There is, for better or worse, no bright line about what is copyrightable. Unfortunately, a lot of the standard is "how deep are the pockets of the opposing party?" If you are Oracle and you want to sue Google, code which any normal person world consider trivial becomes precious intellectual property. Likewise, if you are Microsoft and you can find a proxy in SCO to sabotage Linux. If I, as a self-employed freelancer, contribute a couple lines to Python without a CLA, I'm not going to sue anyone. But if I accept a job with some huge tech company and sign standard employee agreements, they might, even against my wishes. On Mon, Feb 24, 2020, 10:39 AM Chris Angelico <rosuav@gmail.com> wrote:
On Tue, Feb 25, 2020 at 2:25 AM Antoine Pitrou <solipsis@pitrou.net> wrote:
On Mon, 24 Feb 2020 00:30:41 -0500 Kyle Stanley <aeros167@gmail.com> wrote:
In that case I'm not sure the author ought to get credit for the PR.
They
can file a bug pointing out the typo and someone else can submit a fix.

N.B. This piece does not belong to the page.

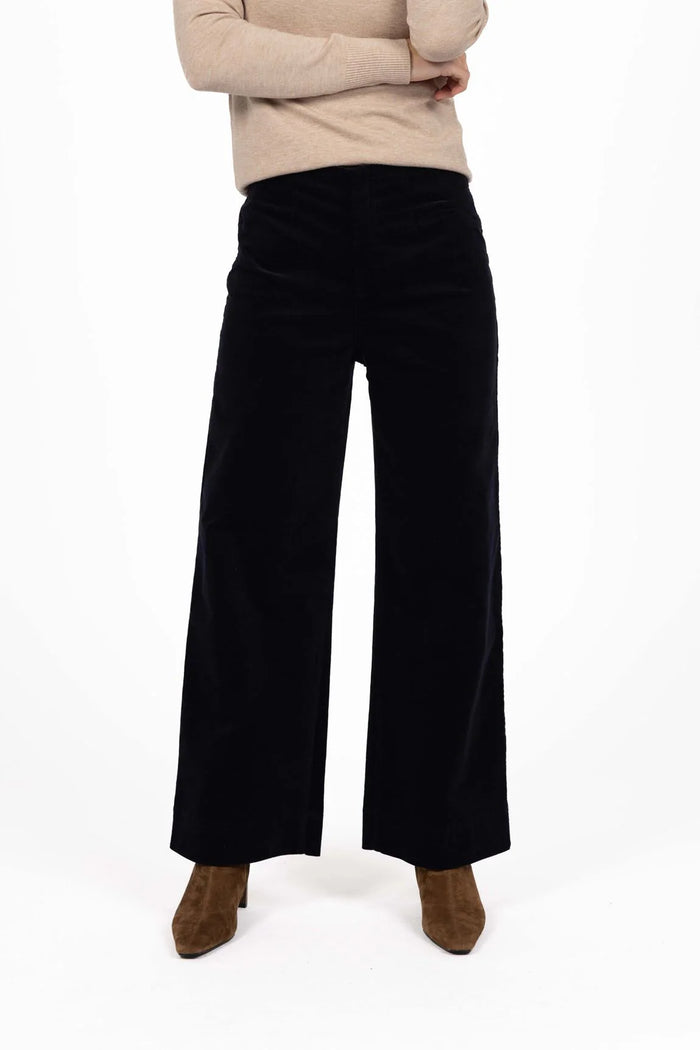 Fleetwood Cord Pants Indigo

That sounds like a reasonable solution to me; even for more substantial issues (if signing the CLA is a genuine issue). I think there are a fair number of individuals out there who just want to fix something and aren't concerned with attributions or long-term contributions; they just want to fix the issue for themselves or perhaps for altruistic reasons.
I'd like to point out that the relevant perspective here isn't PSF policy as much as copyright law. Something as trivial as a typo fix for sure isn't copyrightable, so there's no point in requiring a CLA for it. For more involved changes, things are less clear, and a court would be the final authority; but that's admittedly an argument for erring on the side of caution and requiring a CLA for *any* non-trivial change.
I don't think anyone disputes that the CLA is needed for any non-trivial change. The question is, what constitutes a non-trivial change? Is it subjective? What's the smallest copyrightable edit (which may or may not be related to the smallest copyrightable piece of text)? Does it depend on context - is fixing a link more trivial than fixing a piece of English?
It'd be great to get a lawyer's firm stance on this. On the PEPs repo, I've merged a good few simple PRs, and don't want to be putting the PSF into legal trouble.